Maude E. Dabbs, Daughter of James and Jessie Dabbs


Maude Elizabeth Dabbs  (8/20/1920 – 1/13/2001) and Robert Haas
If there was ever an off-spring who had the Warren in her, it was undoubtedly Maude.  She hitchhiked across the state by herself.  Her aunts were mortified.  She published a wedding announcement that thumbed her nose at society and made jest of the proper rituals of southern etiquette.  They all shook their heads in disbelief.  Born and raised most of her early life in Hartsville while her father was at Coker College, she was only 13 yrs. old when her mother died.  She was independent and a free spirit at an early age and her father was either too self-absorbed to notice at the time, or encouraged her exuberance.  Regardless, he did not discourage her streak of independence.   When her father married Edith and moved back to Rip Raps she was a young woman on her way to Coker College.  She stayed there for only a year before transferring to Black Mountain College in North Carolina.    There she met Robert Haas (4/16/1898 – 12/05/1997)
Robert was forty years old, 22 years her senior, and had already developed a reputation in Vienna, Austria, as a fine calligrapher, printer, and photographer.  He was a collector of ancient glass, coins and incunabula (books, sheets of paper or images printed prior to 1501 in Europe).  One of his most famous finds was wandering past a laundry in Manhattan and seeing a small sign that said “manuscripts for sale.”  There he recognized 8 pages by Erhart Ratoldt from Augsburg in 1493. When he approached the register to see how much they wanted for the 8 pages, the response was $1.00.  “You want $1.00?” Robert asked in total disbelief.
OK,” the teller said, “take them for 75 cents.”  They were worth thousands.
  Robert fled Austria during the Holocaust and came to Black Mountain, NC, because of a commitment the college had made to help Jewish refugees.  But Black Mountain College was struggling financially and there was not enough work to support him. While walking through the majestic Robert E. Lee Hall one day he happened to hear Maude practicing the piano and thus their relationship began.

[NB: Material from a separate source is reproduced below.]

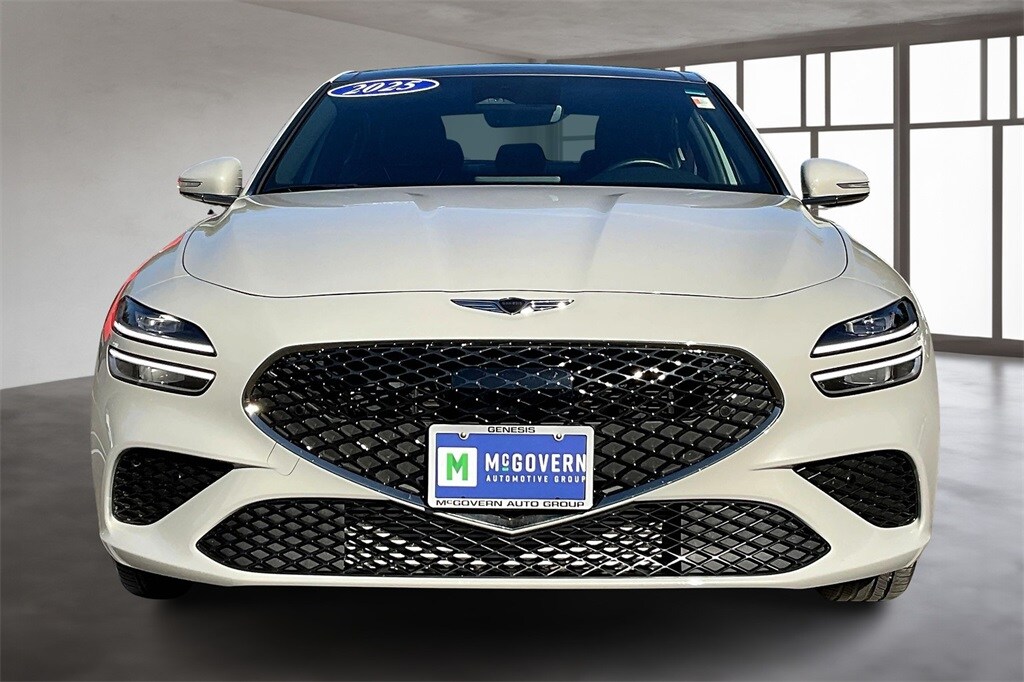 2025 Genesis G70 Advanced 3.3T Sport Prestige photo 2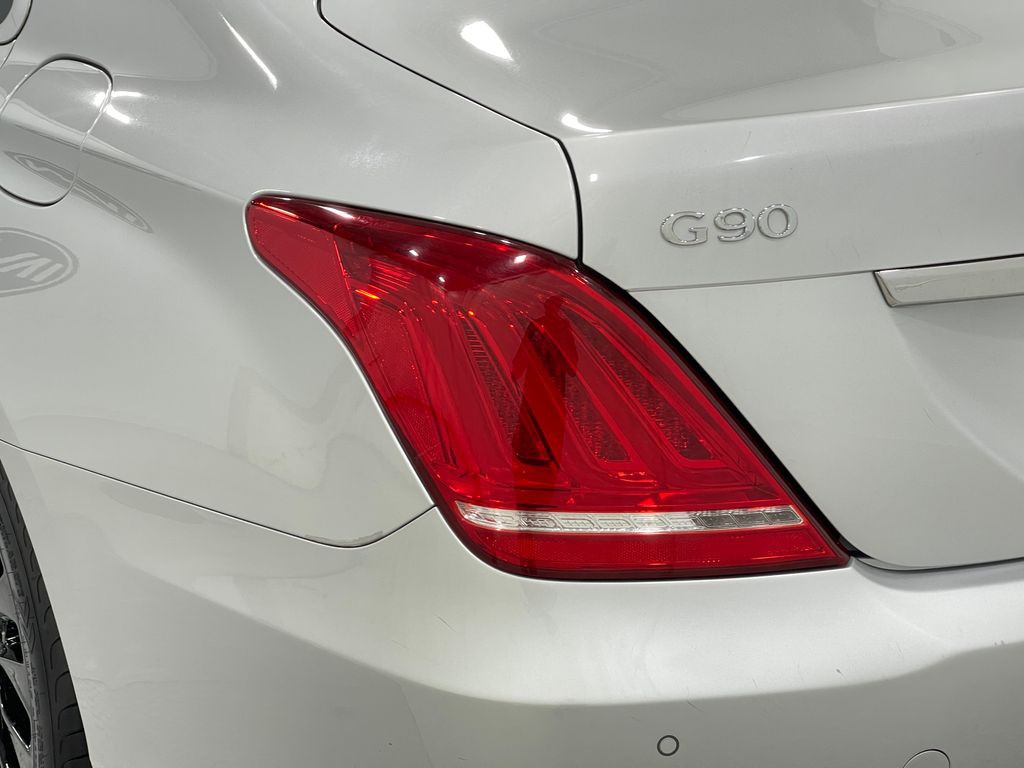 2018 Genesis G90 Image 33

Within the year, however, he moved back to New York City where he hoped to find better employment.   Maude left for Boston to study under Nadia Boulander at the Longy Conservatory in Boston.  She taught music at the Bancroft School in Worchester, Massachusetts, and moved to New York in 1944, when Robert offered her a job.  Robert complained that it took him a long time to convince her to marry him because of their age difference.  One of his wooing techniques was to buy her a piano for her birthday.  She arrived home to find it being hoisted by a lift into her upstairs apartment.  It worked.  They married in 1946.
 Her great love for music was a lifetime career, similar to that of her mother’s.  After they were married she taught students out of her home studio and at the Westchester Conservatory of Music in White Plains, NY.  There are fond memories of Maude’s love for jazz and she and the girls dancing around the living room, laughing and moving with the music.

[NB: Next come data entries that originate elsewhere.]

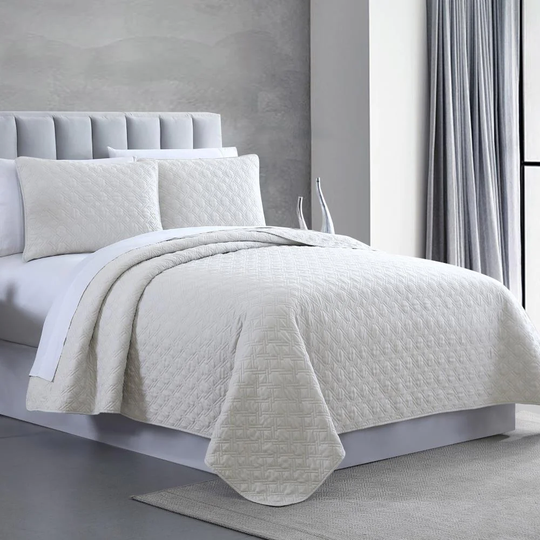 Amrapur Overseas Enzyme washed diamond link coverlet White Abstract Reversible Queen Bedspread (Blend with Polyester Fill) | 3WSDQLTE-WHT-QN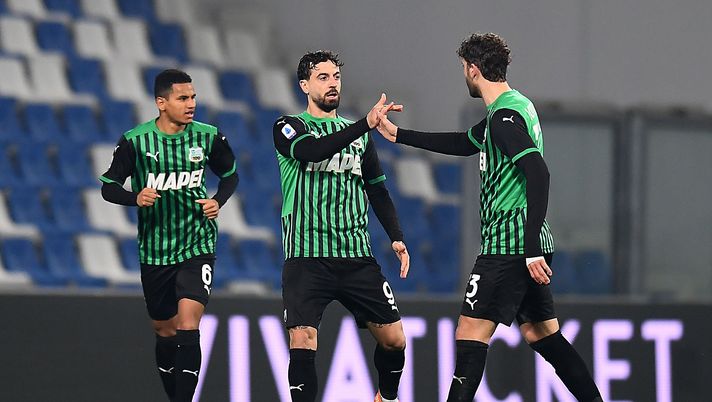 REGGIO NELL'EMILIA, ITALY - FEBRUARY 20: Francesco Caputo of US Sassuolo celebrates after scoring the 1-1 goal during the Serie A match between US Sassuolo and Bologna FC at Mapei Stadium - Città del Tricolore on February 20, 2021 in Reggio nell'Emilia, Italy. Sporting stadiums around Italy remain under strict restrictions due to the Coronavirus Pandemic as Government social distancing laws prohibit fans inside venues resulting in games being played behind closed doors. (Photo by Alessandro Sabattini/Getty Images) Sassuolo, allenamento in attesa di novità: a parte Boga, Bourabia e Chiriches - immagine 1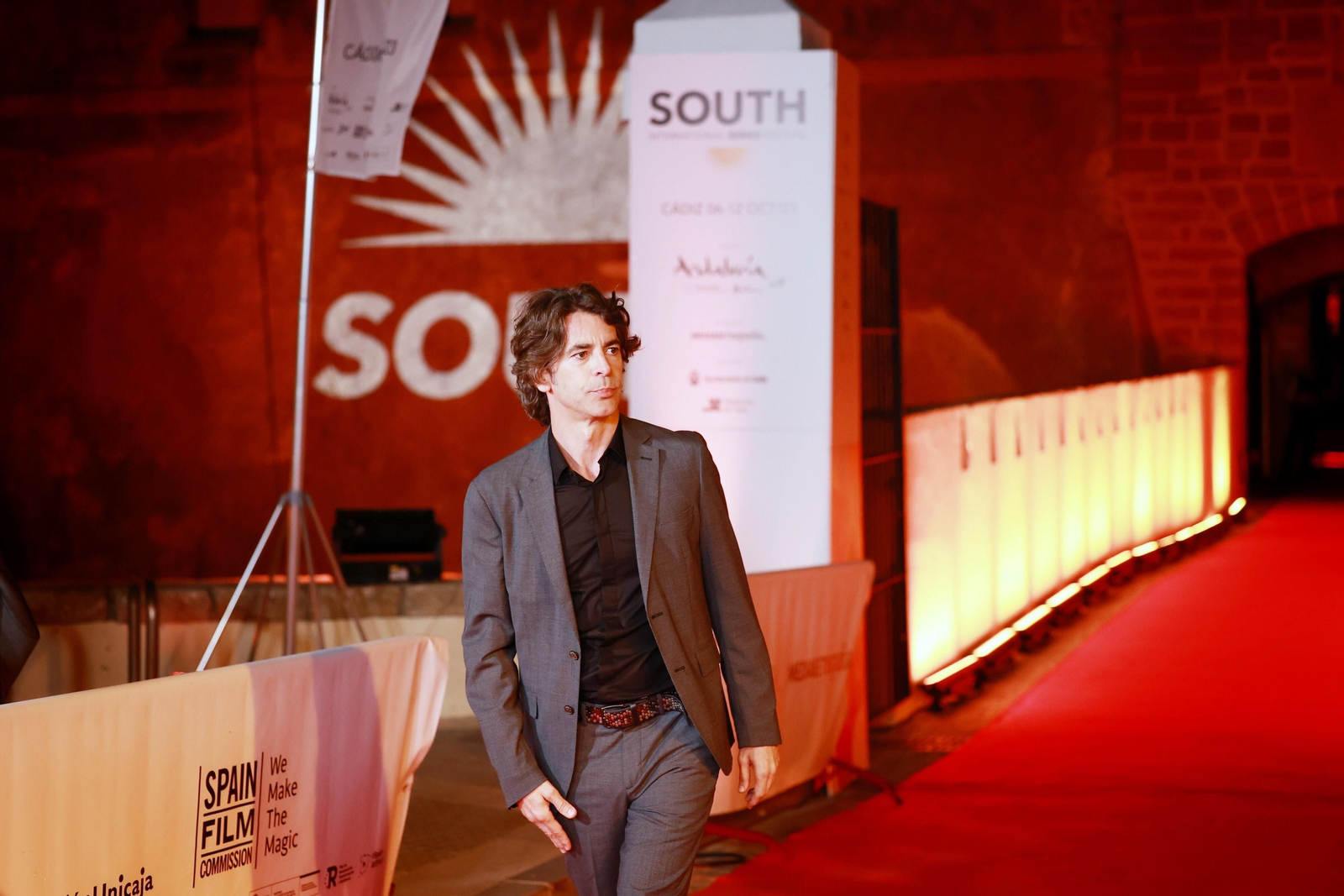 Las imágenes de la última gran alfombra roja de South International Series Festival Cádiz: Eduardo Noriega, Paco León, Ingrid Rubio, Benito Zambrano...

  Maude was as much into the art and beauty of the sound as Robert was into the art of the picture and the print.  Robert loved classical music, Mozart being his personal favorite composer.  Robert was known in many circles as an authority on the great composer.  An interesting note is that after his marriage to Maude, he realized that their marriage date was the same as Mozart’s marriage date to Constanza, August 4th, and he died the same date as Mozart’s death on Dec. 5th.
 One of Maude’s favorite composers was the famous Russian composer and pianist, Rachmaninoff.  She found his music wove the great mystery of life into the sadness and tragedy that it often bought.  Music was Maude’s emotional life. Cathy and Miriam would often see her easily moved to tears by beautiful music.

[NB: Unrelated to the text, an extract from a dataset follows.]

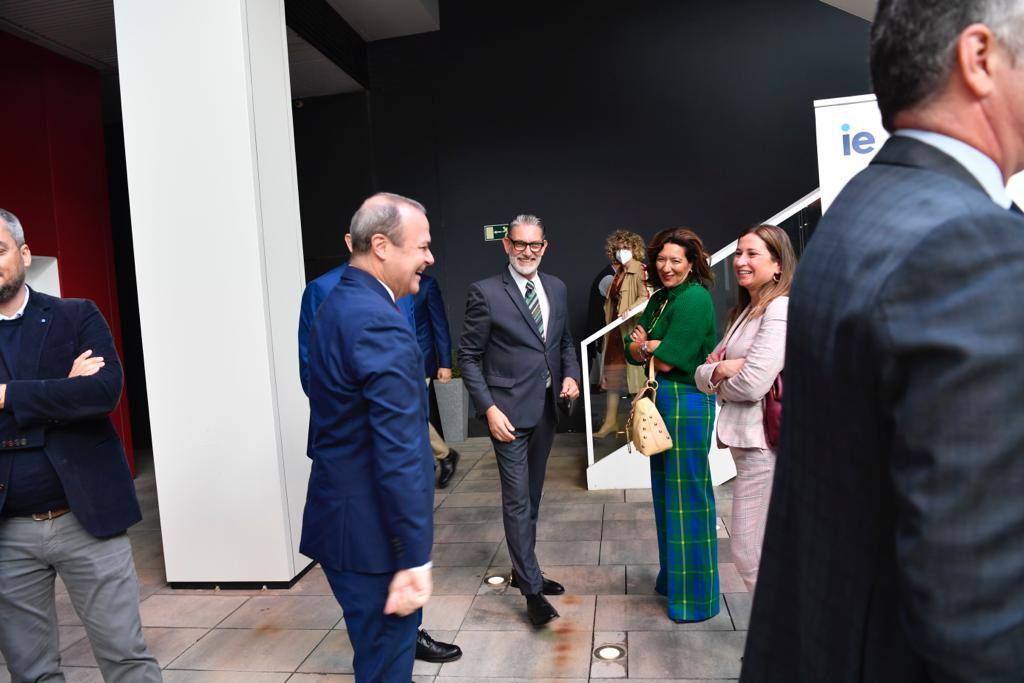 Fotos: Las imágenes del encuentro de Hidalgo, Bermúdez y el IE Business, en CANARIAS7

            Robert lived to be almost 100 years old.  During his years in the United States, he established the Ram Printing Company and photographed many famous people including Einstein and Toscanini.  During his last years, Maude devoted herself to caring for him, but his care and death took its toll on her.  Three years after Robert died,   Maude experienced a fall that cracked two vertebrate in her neck.   She moved to Asheville, North Carolina, to be with her daughter, Cathy, and son-in-law, Tom.  This move, however, separated her from her granddaughter, Corinna, whose own love for the piano she had closely nurtured and supported throughout the years.  One of Maude’s happiest and most emotionally fulfilling events in her last year was hearing Corinna present a concert of difficult piano music she’d worked diligently and lovingly to prepare as a Christmas gift to her grandmother.  As Maude found herself less able to communicate either verbally or musically,  she seemed to lose her desire to live.  She died at the age of 80.